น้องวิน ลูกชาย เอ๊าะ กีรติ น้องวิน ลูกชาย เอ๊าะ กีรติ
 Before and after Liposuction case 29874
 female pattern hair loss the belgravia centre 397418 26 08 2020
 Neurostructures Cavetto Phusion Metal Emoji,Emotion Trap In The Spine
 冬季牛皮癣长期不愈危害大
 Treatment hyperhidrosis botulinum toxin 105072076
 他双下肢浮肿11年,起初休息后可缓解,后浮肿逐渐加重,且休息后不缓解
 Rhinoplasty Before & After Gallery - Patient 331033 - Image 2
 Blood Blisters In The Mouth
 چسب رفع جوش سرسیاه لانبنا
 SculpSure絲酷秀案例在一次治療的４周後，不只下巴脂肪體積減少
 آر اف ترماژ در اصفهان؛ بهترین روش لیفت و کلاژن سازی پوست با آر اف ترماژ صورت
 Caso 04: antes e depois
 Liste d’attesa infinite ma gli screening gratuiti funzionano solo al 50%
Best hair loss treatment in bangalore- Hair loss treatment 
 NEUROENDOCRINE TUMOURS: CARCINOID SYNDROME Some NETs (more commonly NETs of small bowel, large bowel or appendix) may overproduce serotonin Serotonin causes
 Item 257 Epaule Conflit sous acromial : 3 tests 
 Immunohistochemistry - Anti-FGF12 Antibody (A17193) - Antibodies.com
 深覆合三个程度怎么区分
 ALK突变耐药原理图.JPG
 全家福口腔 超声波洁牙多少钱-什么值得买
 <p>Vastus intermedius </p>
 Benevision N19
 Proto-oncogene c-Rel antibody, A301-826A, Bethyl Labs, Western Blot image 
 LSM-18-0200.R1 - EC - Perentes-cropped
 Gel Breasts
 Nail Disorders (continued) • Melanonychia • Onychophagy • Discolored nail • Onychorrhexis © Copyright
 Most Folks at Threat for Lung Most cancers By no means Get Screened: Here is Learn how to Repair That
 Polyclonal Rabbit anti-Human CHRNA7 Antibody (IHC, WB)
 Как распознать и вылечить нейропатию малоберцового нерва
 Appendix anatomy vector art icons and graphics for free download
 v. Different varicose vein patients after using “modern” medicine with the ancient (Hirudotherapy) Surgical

### Work task
Each of the entries above is to be repeated exactly.

### Answer for the task
น้องวิน ลูกชาย เอ๊าะ กีรติ น้องวิน ลูกชาย เอ๊าะ กีรติ
 Before and after Liposuction case 29874
 female pattern hair loss the belgravia centre 397418 26 08 2020
 Neurostructures Cavetto Phusion Metal Emoji,Emotion Trap In The Spine
 冬季牛皮癣长期不愈危害大
 Treatment hyperhidrosis botulinum toxin 105072076
 他双下肢浮肿11年,起初休息后可缓解,后浮肿逐渐加重,且休息后不缓解
 Rhinoplasty Before & After Gallery - Patient 331033 - Image 2
 Blood Blisters In The Mouth
 چسب رفع جوش سرسیاه لانبنا
 SculpSure絲酷秀案例在一次治療的４周後，不只下巴脂肪體積減少
 آر اف ترماژ در اصفهان؛ بهترین روش لیفت و کلاژن سازی پوست با آر اف ترماژ صورت
 Caso 04: antes e depois
 Liste d’attesa infinite ma gli screening gratuiti funzionano solo al 50%
Best hair loss treatment in bangalore- Hair loss treatment 
 NEUROENDOCRINE TUMOURS: CARCINOID SYNDROME Some NETs (more commonly NETs of small bowel, large bowel or appendix) may overproduce serotonin Serotonin causes
 Item 257 Epaule Conflit sous acromial : 3 tests 
 Immunohistochemistry - Anti-FGF12 Antibody (A17193) - Antibodies.com
 深覆合三个程度怎么区分
 ALK突变耐药原理图.JPG
 全家福口腔 超声波洁牙多少钱-什么值得买
 <p>Vastus intermedius </p>
 Benevision N19
 Proto-oncogene c-Rel antibody, A301-826A, Bethyl Labs, Western Blot image 
 LSM-18-0200.R1 - EC - Perentes-cropped
 Gel Breasts
 Nail Disorders (continued) • Melanonychia • Onychophagy • Discolored nail • Onychorrhexis © Copyright
 Most Folks at Threat for Lung Most cancers By no means Get Screened: Here is Learn how to Repair That
 Polyclonal Rabbit anti-Human CHRNA7 Antibody (IHC, WB)
 Как распознать и вылечить нейропатию малоберцового нерва
 Appendix anatomy vector art icons and graphics for free download
 v. Different varicose vein patients after using “modern” medicine with the ancient (Hirudotherapy) Surgical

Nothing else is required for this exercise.